Sidenote: The definition of lab here was actually inspired from a USAMTS problem in 2016.

**Code**

The critical observation to make is that the optimal rectangle should always have a lower-left vertex at the origin. This is due to the fact that the line has positive y-intercept and negative slope: any rectangle which doesn't have a vertex at the origin could easily be extended to have a vertex at the origin and even more bananas.

Then, we just need to try every x-coordinate for the upper-right corner of the box and pick the maximum y-coordinate without going over the line. We can compute the sum of any rectangle in *O*(1) using arithmetic series sums, so this becomes *O*(*bm*) because the x-intercept can be up to *bm*. You can make it faster by trying every y-coordinate; this makes the complexity *O*(*b*), but this was unnecessary to solve the problem.

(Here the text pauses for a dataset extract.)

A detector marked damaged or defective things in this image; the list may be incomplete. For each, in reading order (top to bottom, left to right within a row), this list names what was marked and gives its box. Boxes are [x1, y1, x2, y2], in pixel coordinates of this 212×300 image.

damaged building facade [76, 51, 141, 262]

Can you solve the problem with better complexity?

**O(b) Code**

It looks like Daru should only reorder the boxes when he has to (i.e. he gets a remove operation on a number which isn't at the top of the stack). The proof is simple: reordering when Daru has more boxes is always not worse than reordering when he has less boxes, because Daru can sort more boxes into the optimal arrangement. Therefore, our greedy algorithm is as follows: simulate all the steps until we need to reorder, and then we resort the stack in ascending order from top to bottom.

This has complexity *O*(*n*^{2} *log* *n*). However, we can speed this up if we note that whenever we reorder boxes, any box currently on the stack can be put in an optimal position and we can pretty much forget about it. So whenever we reorder, we can just clear the stack as well and continue. This gives us *O*(*n*) complexity because every element is added and removed exactly once.

**Code**

First, let's make this problem into one on a graph. The important piece of information is the row and column we're on, so we'll create a node like this for every lit cell in the grid. Edges in the graph are 0 between 2 nodes if we can reach the other immediately, or 1 if we can light a row/column to get to it. Now it's a shortest path problem: we need to start from a given node, and with minimum distance, reach another node.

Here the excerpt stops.